Being a wedding guest is a lot more complicated than simply showing up. There are always delicate etiquette issues you need to be conscious of – spending enough on a gift, inviting an appropriate date, expressing proper gratitude and well wishes to the newly married couple. If you don’t go out of your way to be considerate, it could result in bad blood between you and the bride and groom. And if your friends or family members decide to get hitched up at a cottage, you can expect to deal with a whole host of new etiquette issues. Here is a list of tips that should keep you out of trouble.
Be aware of the limited resources
Even small weddings can put a strain on cottage water supplies and septic tanks so think twice before you spend half an hour in the bathroom throwing water on a rogue cowlick or trying to wash a stubborn stain off your dress. And if you see a sign that reads, “if it’s yellow, let it mellow,” always obey it! It may not be the fanciest set of instructions you’ve followed at a wedding, but they’re important ones.

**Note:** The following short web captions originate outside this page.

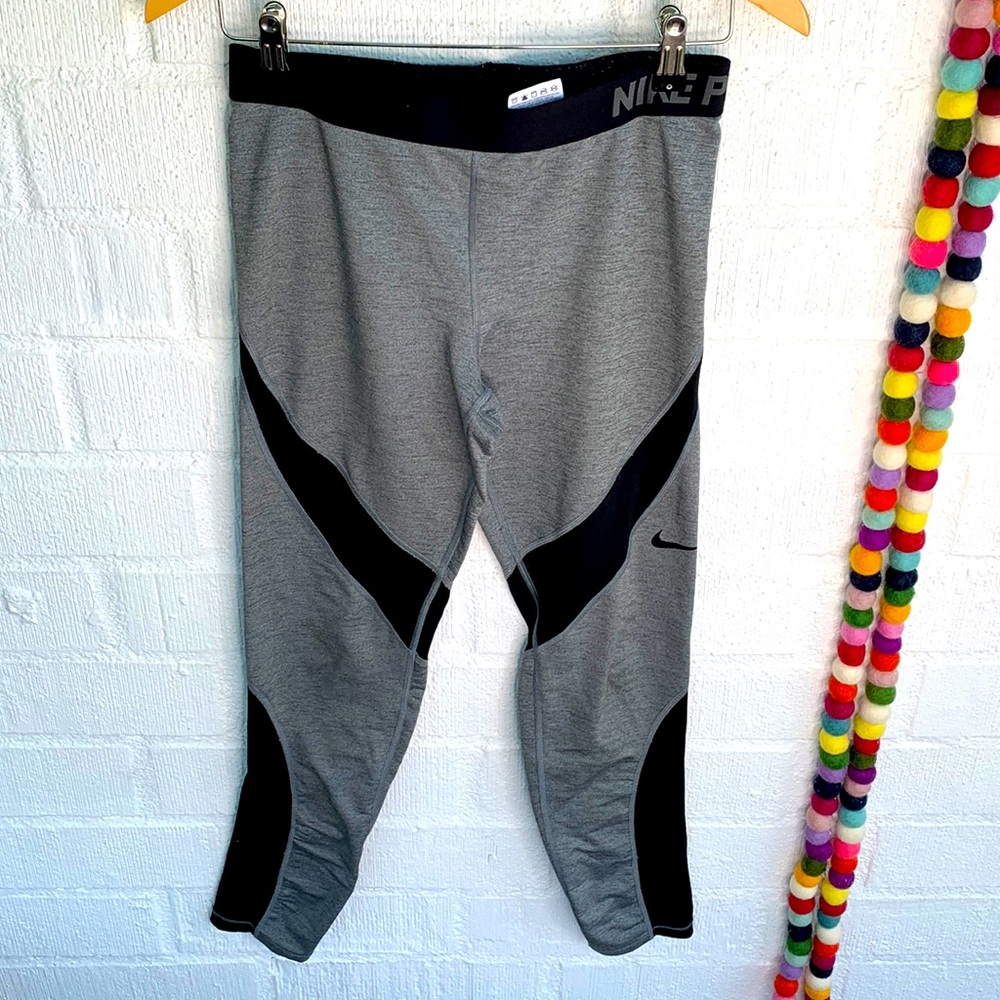 Nike Pro Yoga Running Leggings sz L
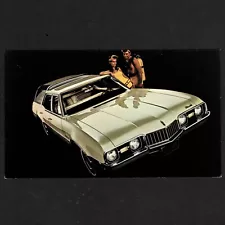 1968 Oldsmobile Custom VISTA-CRUISER "Youngmobile": Dealer Promo Postcard UNUSED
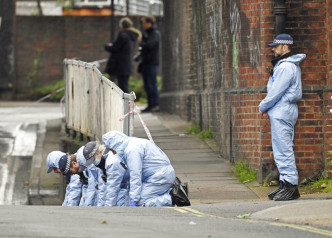 倫敦警方在封鎖槍擊案發生現場調查。AP圖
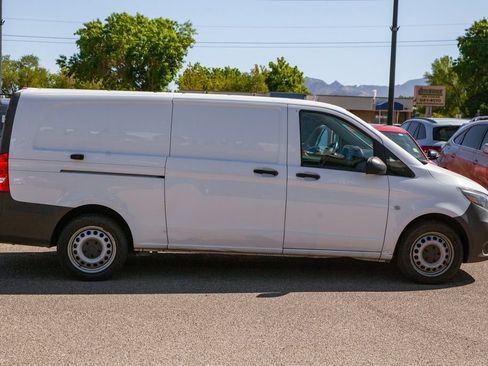 Used 2020 Mercedes-Benz Metris image 5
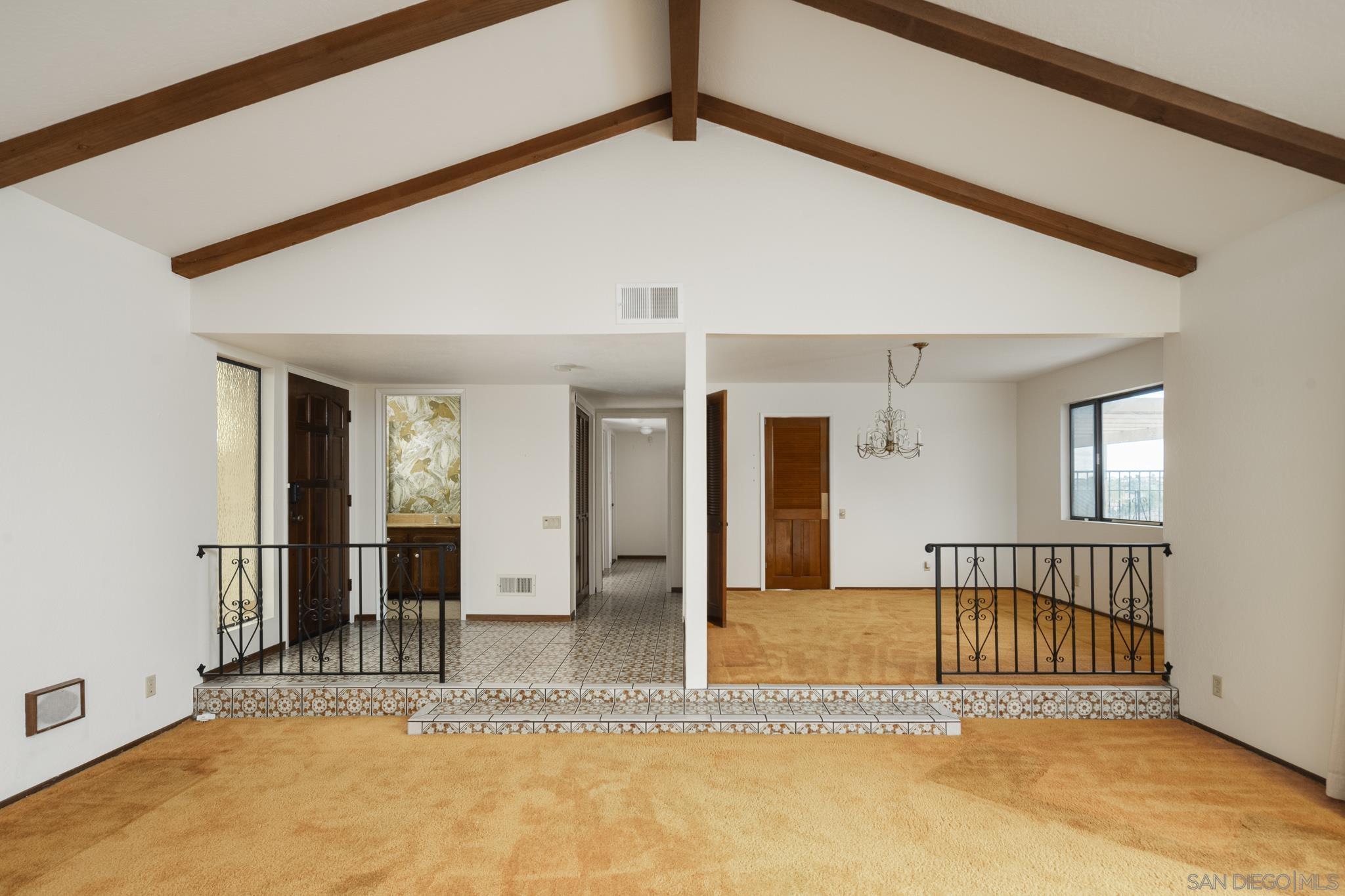 Detail Gallery Image 7 of 44 For 2712  Mateo Pl, Carlsbad,  CA 92009 - 3 Beds | 2/1 Baths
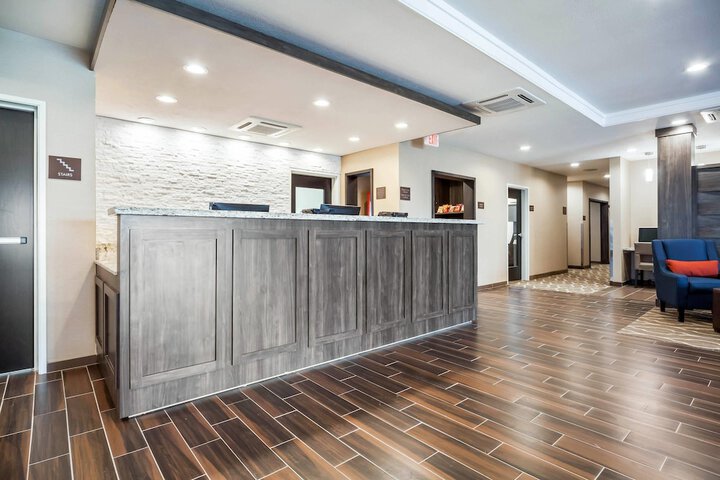 Comfort Inn & Suites North Platte
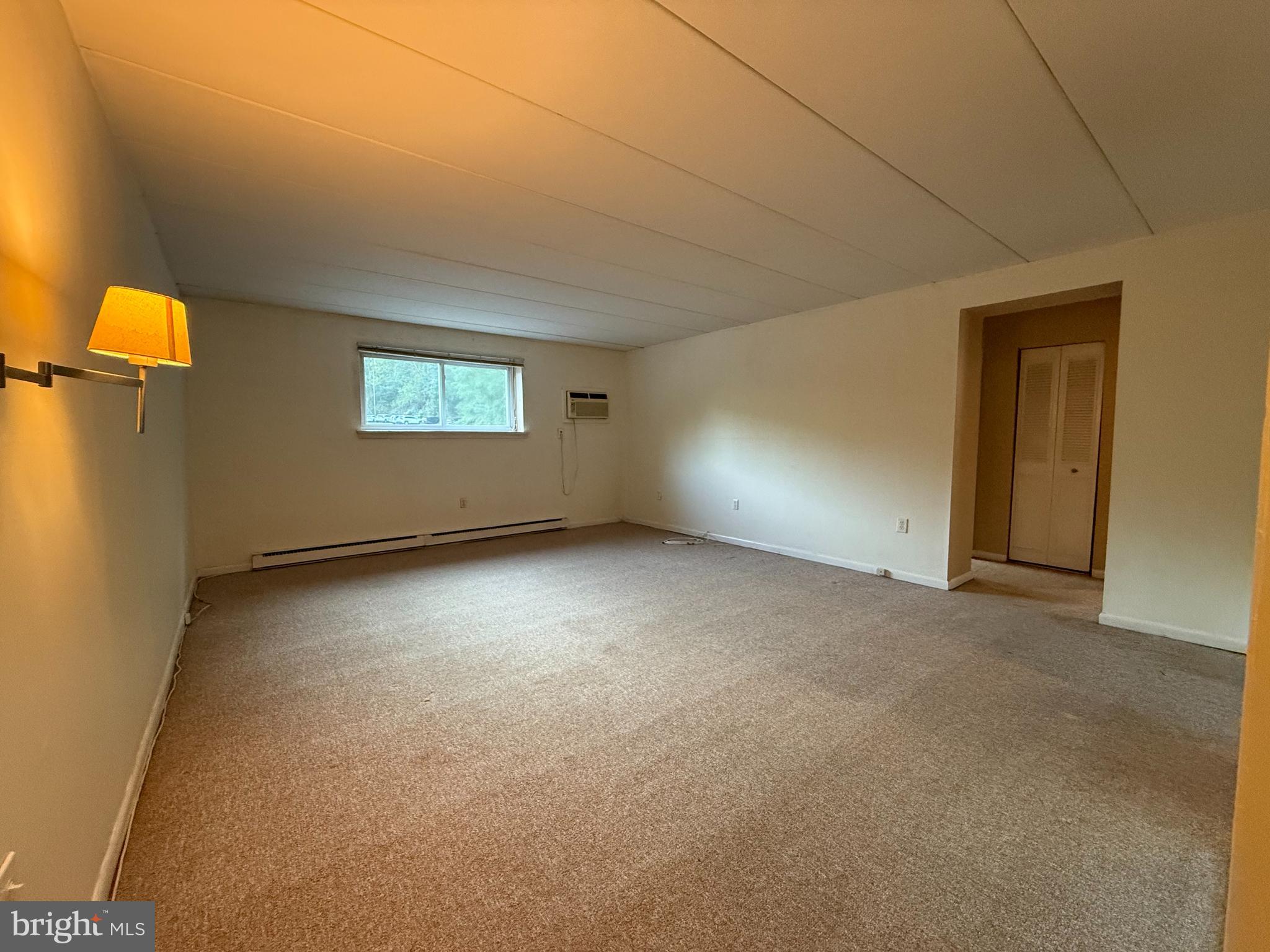 400 Glendale Road, Unit 23 Havertown, PA 19083 - Photo 3 of 12 an empty room with windows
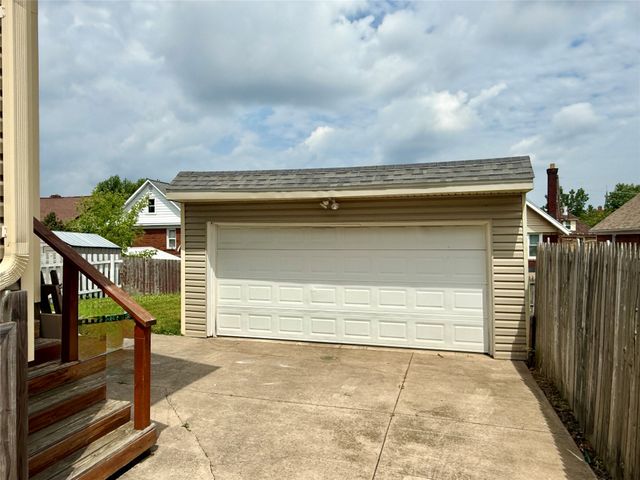 1328 PATTERSON Avenue, Erie, PA 16508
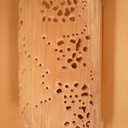 Eclairage d'angle galbé en sapin recyclé d'un panneau de porte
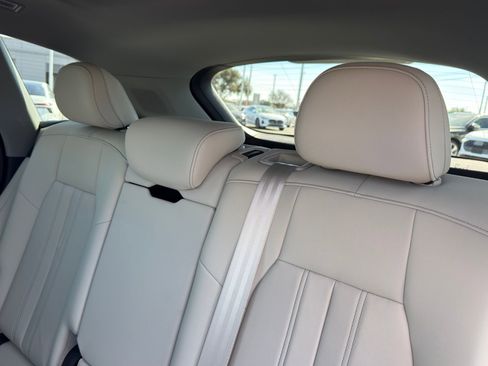 Certified 2025 Audi Q5 Premium w/ Convenience Package image 25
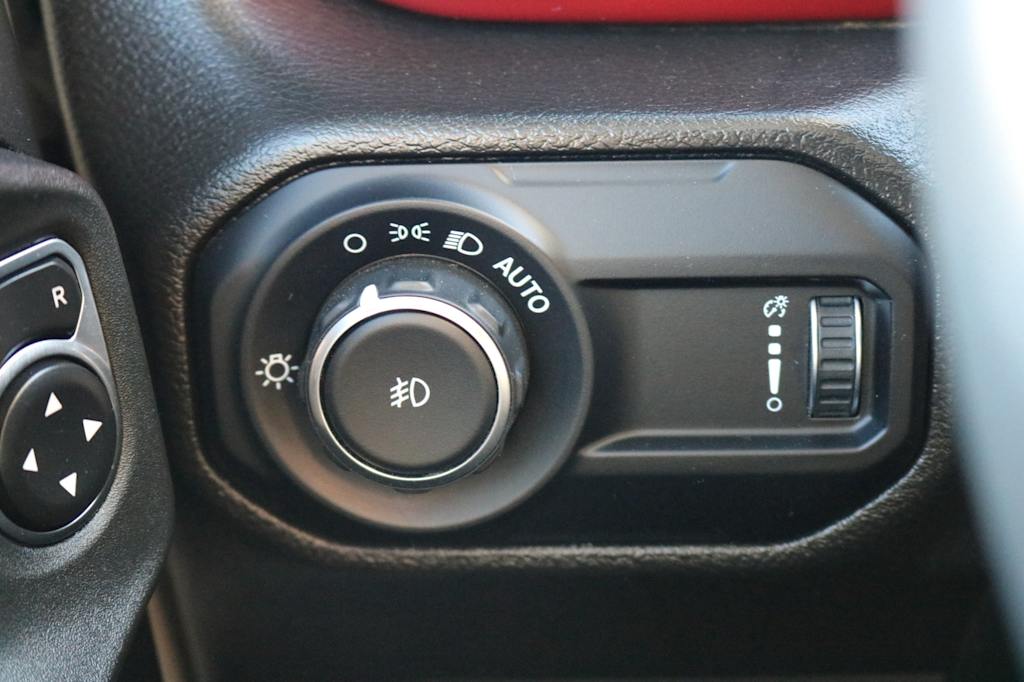 Thumbnail: 2023 Jeep Wrangler - 23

Don’t whine about the weather (or the bugs)
Your hosts chose to celebrate their love in a rustic outdoor locale because it speaks to them. You’re there to witness their union and share in their joy. It’s not your day, so don’t start grumbling if it’s chilly or rainy or the mosquitoes are out in full force. You’ll only make your hosts feel guilty that you’re not having a good time or resent you for dampening the mood. Grab an umbrella, generously apply bug spray, and suck it up.
Dress to impress—even if it’s a casual wedding
Most cottage weddings are not full suit and tie affairs, but you still need to put some effort into your appearance. If the invite says “casual,” nice sundresses and pressed khakis should be fine, but don’t show up in flip-flops—if the couple is into them, they’ll likely be provided. Just because the couple is getting married at the cottage, don’t assume they’re not interested in maintaining an air of elegance.
Respect the neighbours
Not all cottage lots are expansive, which means neighbouring properties may be in full view and well within earshot. The bridge and groom should have discussed their wedding plans with the neighbours out of courtesy, but guests still need to be considerate. Don’t go wandering off to explore surrounding properties or hang out on neighbouring docks, even if it looks like the owners aren’t home. You should also help keep the noise level reasonable, since sound travels over water.
Don’t mess with the natural surroundings
Nature provides a gorgeous backdrop for cottage weddings, but with so many people tramping around it can also get damaged during a party. Along with soaking up the beautiful atomosphere, you should respect it as well. Stay on marked paths and lawns wherever possible. You don’t want your lasting impression to be a trampled garden or broken branches.
Bring a gift that’s easy to take back to the city
Cash is always appreciated at weddings (and it’s incredibly easy to transport), but if you want to stick with a traditional present, keep in mind that couples will have to drive back to the city with all their gifts in tow. Making two trips would be a huge hassle with an out-of-the-way location. Pick up a gift that’s small in size and easy to move. A toaster? Yes. A portable air conditioner? Not so much.